[Scraped caption text data]
-- Opening Marker --

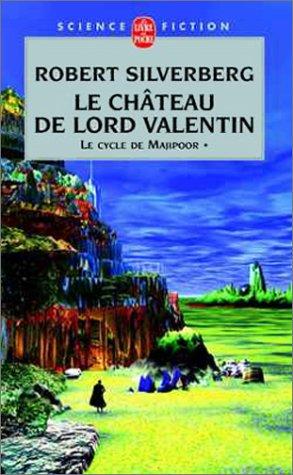Lord Valentine's Castle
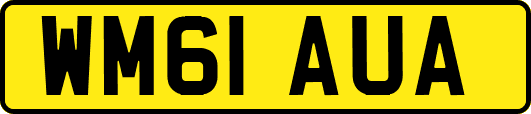 WM61AUA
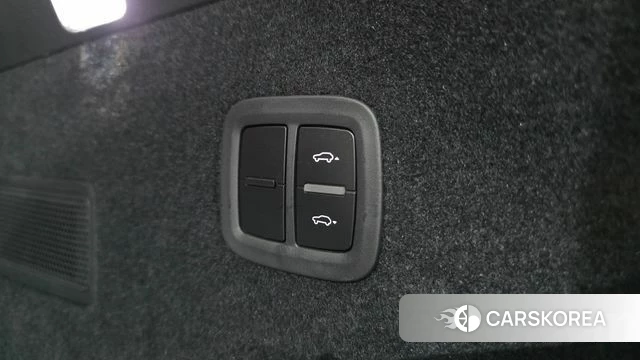 Porsche Cayenne (PO536) id 4746007 из Кореи 30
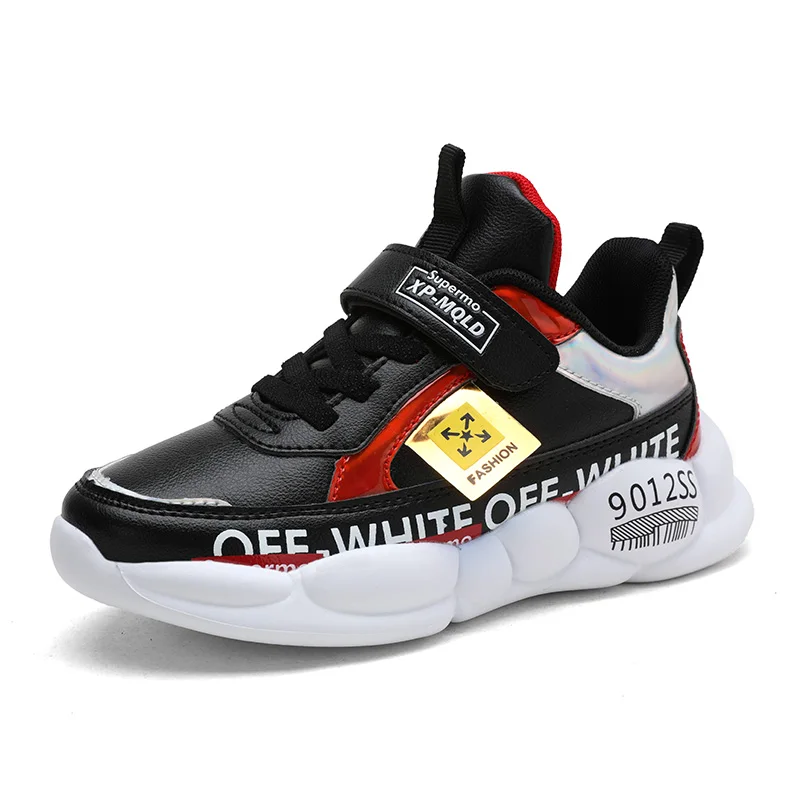 Kids Shoes Boys Children Sneakers Basket Garcon Tenis Infantil Menino Sapatos Infantis Kinderschoenen Girls Chaussure Enfant | Детская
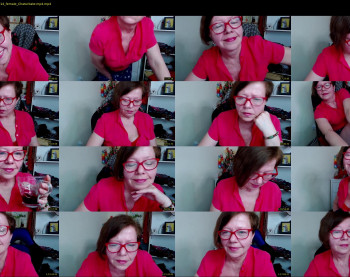 adelewildx — 99 minute Chaturbate female cam show recording, 720p, May 20, 2022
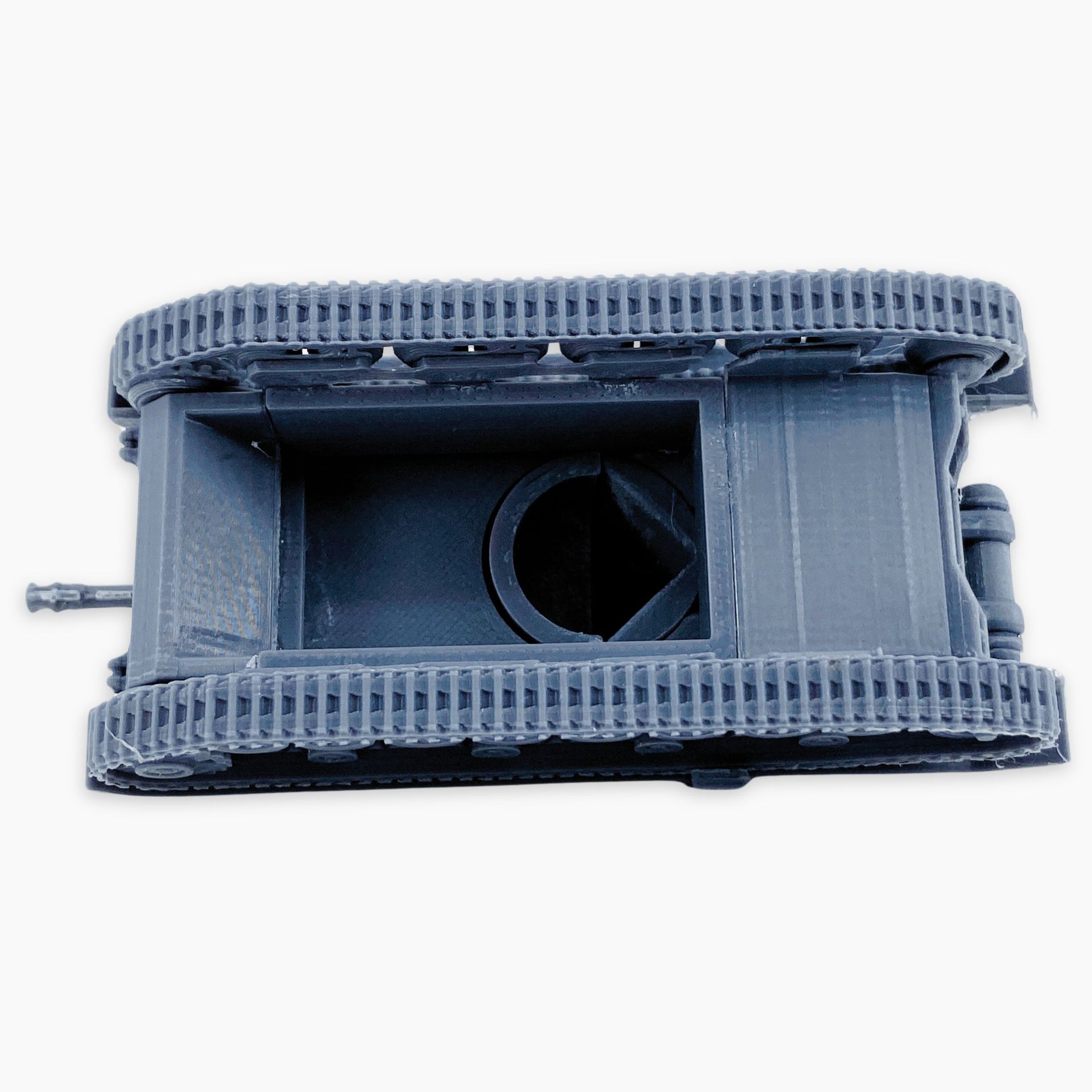 GUNZE SANGYO 1/35 Panzerkampfwagen III Ausf J SdKfz141/1 GUNZE SANGYO 1/35 Panzerkampfwagen III Ausf J SdKfz141/1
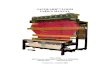 JACQUARD™ LOOM USER’S MANUAL - AVL Looms Manual rev 2006.pdf · Jacqpoint is designed to operate both a standard AVL Jacquard loom, such as yours, and an AVL Dobby-Jacquard loom.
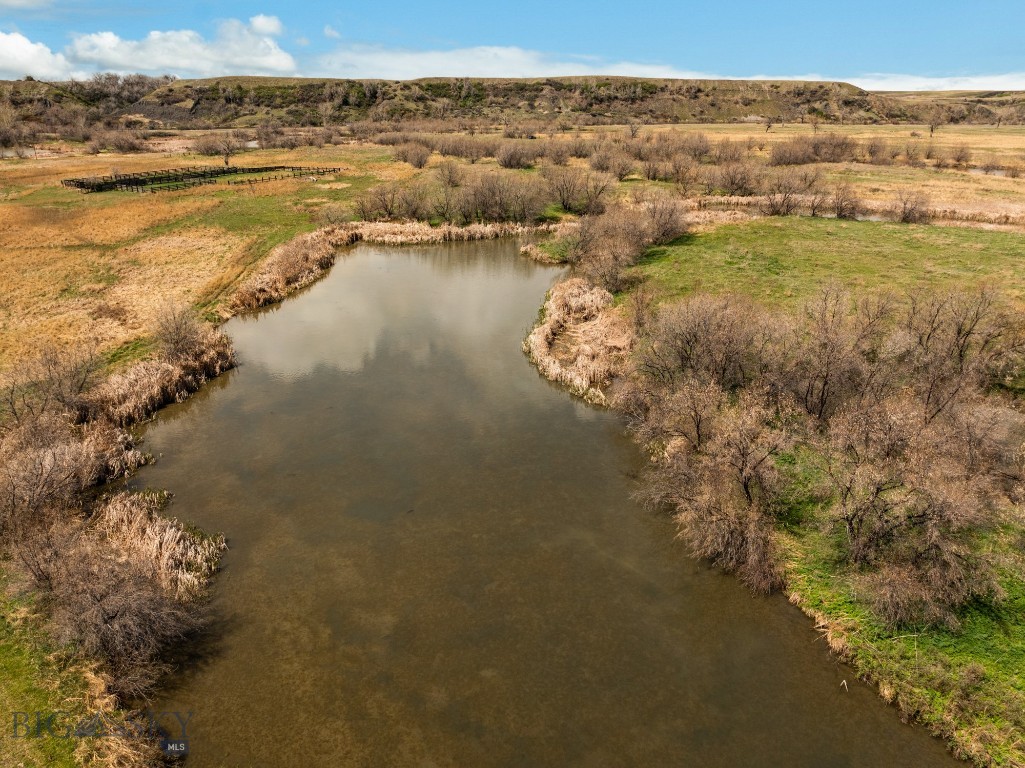 TBD HWY 313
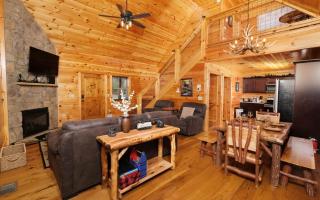 Wine Down - Gatlinburg - 3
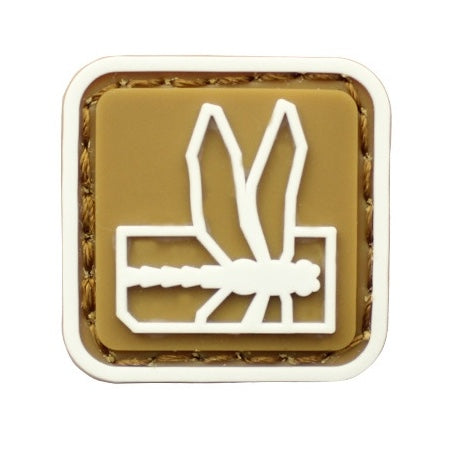Add-on Badges (2pcs) Transform Your Gloves: Luminous, Coin Size, 12 Pattern Options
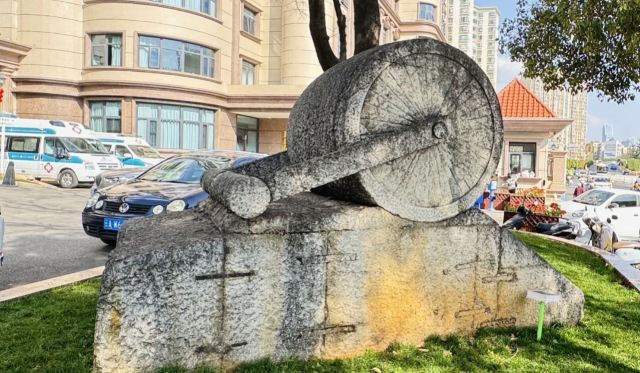 滇缅公路"零"公里纪念碑旅行图片 7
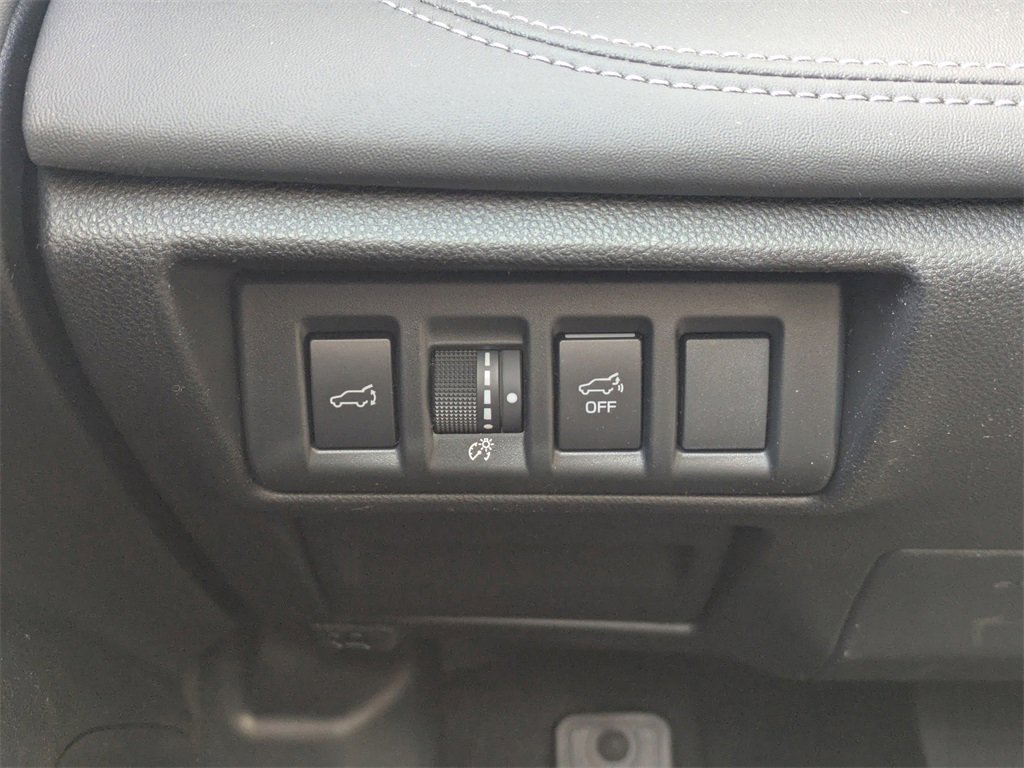 Certified 2025 Subaru Outback Limited XT w/ Popular Package #2 image 28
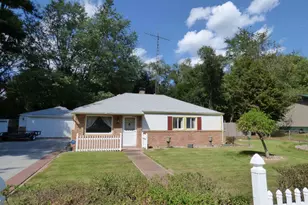 13551 Haynes Ave, Mishawaka, IN 46545 - Photo 1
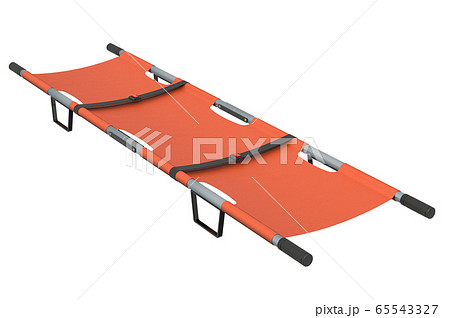 medical stretcher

-- Closing Marker --

## AIM OF THE EXERCISE
Leaving out every picture, transcribe exactly the lines from the line that contains "JACQUARD™ LOOM USER’S" through the final line of the entries above.

## RESULT
 JACQUARD™ LOOM USER’S MANUAL - AVL Looms Manual rev 2006.pdf · Jacqpoint is designed to operate both a standard AVL Jacquard loom, such as yours, and an AVL Dobby-Jacquard loom.
 TBD HWY 313
 Wine Down - Gatlinburg - 3
Add-on Badges (2pcs) Transform Your Gloves: Luminous, Coin Size, 12 Pattern Options
 滇缅公路"零"公里纪念碑旅行图片 7
 Certified 2025 Subaru Outback Limited XT w/ Popular Package #2 image 28
 13551 Haynes Ave, Mishawaka, IN 46545 - Photo 1
 medical stretcher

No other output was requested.